Première faille : l’inadéquation entre les contenus enseignés et les besoins du monde réel. Nos programmes sont souvent figés, théoriques, et déconnectés des enjeux contemporains. À quoi sert d’étudier pendant seize ans si, à la fin, l’on ne sait ni créer, ni innover, ni s’adapter ? Le système valorise la récitation au détriment de la réflexion, la conformité plutôt que la créativité. L’élève apprend à subir, pas à questionner.

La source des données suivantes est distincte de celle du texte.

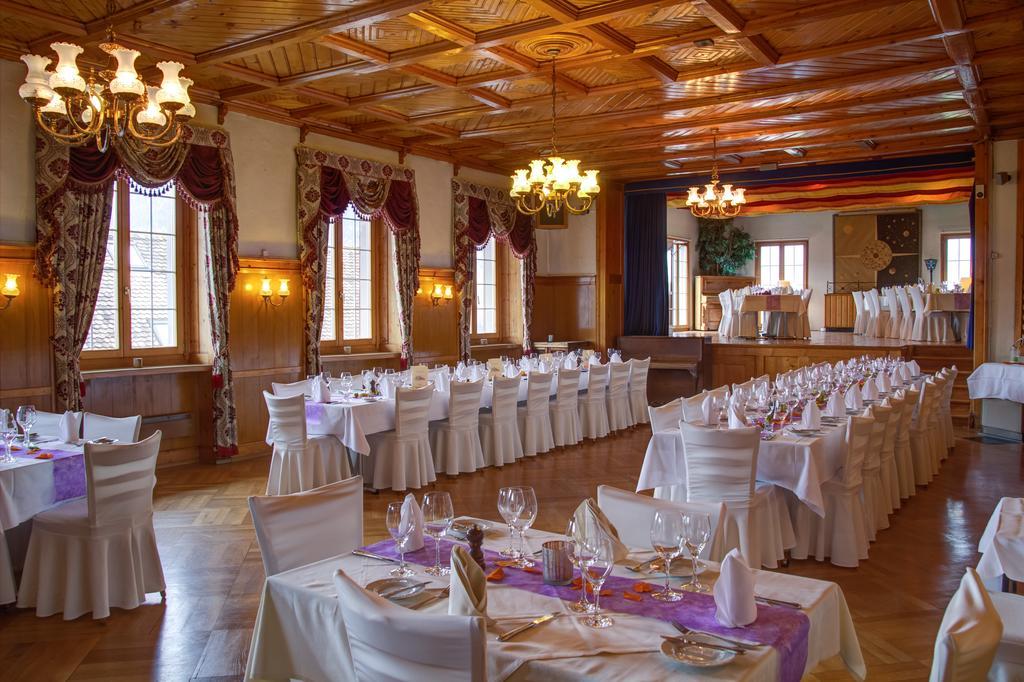 Gasthof zur Bündte Jenins Exterior foto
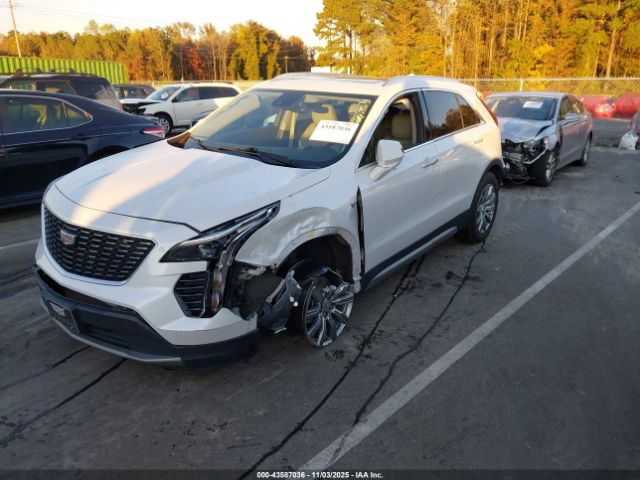 2020 CADILLAC XT4 1GYFZCR40LF033812 Photo 1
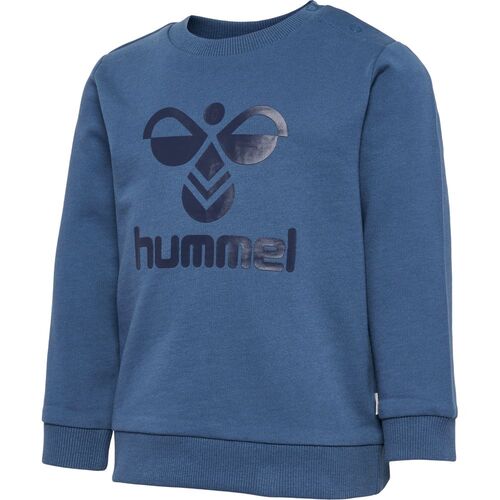 Hummel hmlSTEEN SWEATSHIRT - ensign blue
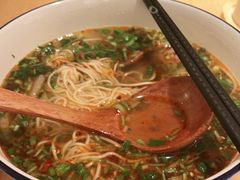 -马记永·兰州牛肉面(天通苑家乐福店)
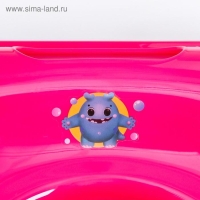 Сиденье на унитаз, цвет розовый Сиденье на унитаз, цвет розовый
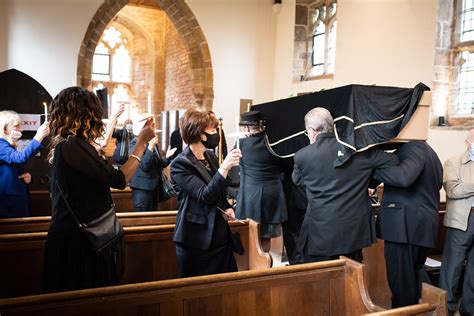 Funeral Live Streaming — The Shutter Hub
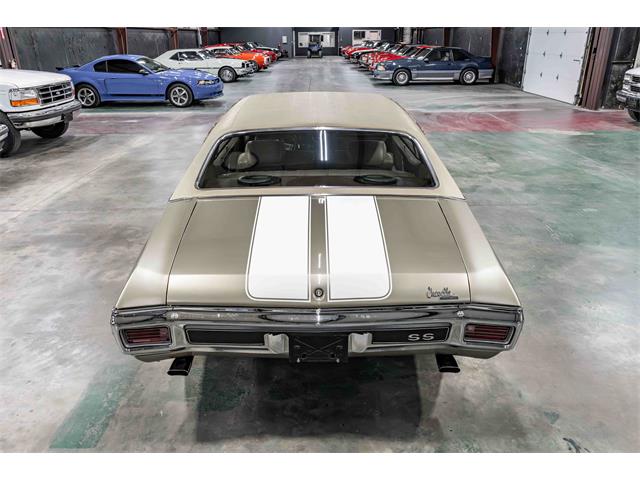 1970 Chevrolet Chevelle (CC-2074761) for sale in Sherman, Texas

Ensuite, il y a la question des moyens. Les écoles manquent de tout : manuels actualisés, infrastructures, laboratoires, accès au numérique. Les enseignants, souvent mal payés et peu motivés, doivent composer avec des classes surchargées, parfois sans tableau ni craie. Comment former des esprits d’excellence dans de telles conditions ?
La formation des enseignants elle-même est à revoir. Trop peu sont préparés aux défis pédagogiques modernes. L’absence de formation continue les éloigne des évolutions pédagogiques mondiales. Or, un enseignant dépassé forme des élèves désarmés.
Il faut aussi parler du rôle de la famille et de la société. Dans un environnement où l’on valorise davantage le succès matériel que l’excellence intellectuelle, où les modèles de réussite ne sont ni les chercheurs ni les inventeurs, comment inspirer les jeunes à rêver grand ? L’élite ne se forme pas dans le vide : elle émerge dans une société qui valorise le savoir et l’effort.
Enfin, la politique éducative manque de vision à long terme. Les réformes sont souvent superficielles, mal pensées, et rarement évaluées. L’éducation est traitée comme un simple secteur parmi tant d’autres, alors qu’elle est la colonne vertébrale du développement d’un pays.
Pour que l’école guinéenne forme enfin des élites compétitives, il faudra tout repenser : les contenus, les méthodes, les moyens, les mentalités. Il faudra, surtout, avoir le courage de bâtir un système éducatif qui ose l’excellence.